Congratulations! You’ve annexed Canada! You are now the proud owner of 9.985 million square kilometres (whoops, I mean 3.8 million square miles!) of diverse and rugged terrain, most of it uninhabitable for six to twelve months of the year!
There’s some fresh water there, but you’ll find that most of it doesn’t flow south. There’s also oil, but most of it’s buried in sand. If you dig deep enough and add enough of that fresh water, though, you can ship it wherever you want. Oh, wait, you do that already? Well, take some more!
Now that you own our north, I’m sure you’ll enjoy some cheap vacations (whoops, not anymore with the Canadian dollar gone!) to our northern lakes where you can fish, canoe and swat at mosquitoes for days without any cell phone coverage. It’s the dream getaway for the average American!
You’ll also have access to a diverse francophone community called Quebec, which will inevitably want to separate upon your arrival. They will cause you endless headaches if you act the way you normally do. They don’t like you. No, they really don’t like you.
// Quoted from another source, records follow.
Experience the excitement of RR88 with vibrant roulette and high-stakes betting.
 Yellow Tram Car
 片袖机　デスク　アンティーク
Naturally, with annexation we expect full political representation for each of our provinces (ahem, now states) with two senators each, which amounts to 20 senators in your new 120-member senate. Hey, if Wyoming with a population of 584,000 gets two senators, so should P.E.I.! And let’s throw in one for each of our territories while we’re at it!
We would also expect a full slew of former Canucks (no, not hockey players!) in your House of Representatives to rebalance the fulcrum of power a little to the left of Bernie Sanders. As for your antiquated Electoral College, we expect even more electoral votes than what California receives. Given our population, this should make us the most prized winner-takes-all basket of electoral votes in the next presidential election.
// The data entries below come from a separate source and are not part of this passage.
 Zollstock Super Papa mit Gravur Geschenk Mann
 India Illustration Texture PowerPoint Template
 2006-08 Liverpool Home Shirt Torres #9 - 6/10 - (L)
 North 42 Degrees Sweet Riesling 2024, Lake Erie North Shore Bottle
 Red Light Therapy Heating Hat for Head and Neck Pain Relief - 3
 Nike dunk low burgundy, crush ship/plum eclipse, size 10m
I doubt we’ll be a “red” state. While it’s true that as former Canadians, we voted conservative from time to time, our right-wing parties looked more like your centrist Democrats. Our biggest fights were over a “carbon tax” – that’s right, a tax on pollution, something you’ve never even heard of!
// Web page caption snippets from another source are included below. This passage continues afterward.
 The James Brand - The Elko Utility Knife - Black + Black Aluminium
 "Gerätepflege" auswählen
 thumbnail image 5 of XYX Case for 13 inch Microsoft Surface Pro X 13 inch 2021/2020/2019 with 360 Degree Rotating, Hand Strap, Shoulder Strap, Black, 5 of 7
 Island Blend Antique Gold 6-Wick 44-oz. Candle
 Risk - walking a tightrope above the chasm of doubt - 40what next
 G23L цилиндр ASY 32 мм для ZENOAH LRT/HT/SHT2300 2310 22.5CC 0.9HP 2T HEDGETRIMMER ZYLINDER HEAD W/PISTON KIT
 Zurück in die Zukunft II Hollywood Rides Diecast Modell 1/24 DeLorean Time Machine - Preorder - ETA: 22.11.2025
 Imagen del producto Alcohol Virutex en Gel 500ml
On the financial side of things, we look forward to getting paid in American dollars. International travel just got so much cheaper! We will also enjoy touring freely into your turf without having to deal with ornery border guards who confiscate our apples and oranges and ask us meaningless questions like whether we’ve visited a farm or ever used cannabis. Of course we have! And we’re not giving it up either!
That’s right, you’ve just adopted a northern Oregon! We’re quite progressive. But how would you know? You’ve never paid any attention to us until now!
We can also be a little needy. We actually like it when our government takes care of us. Rest assured – we will be lobbying Congress for extensive social programs for all Americans. That’s right, I'm talking about publicly funded education, transportation, dentalcare, childcare and, of course, healthcare for everyone! Not even the wealthiest Americans will escape the scourge of lengthy surgical wait times!! Ha, ha, ha!!!
Sigh. It’s good to have a laugh in such ridiculous times.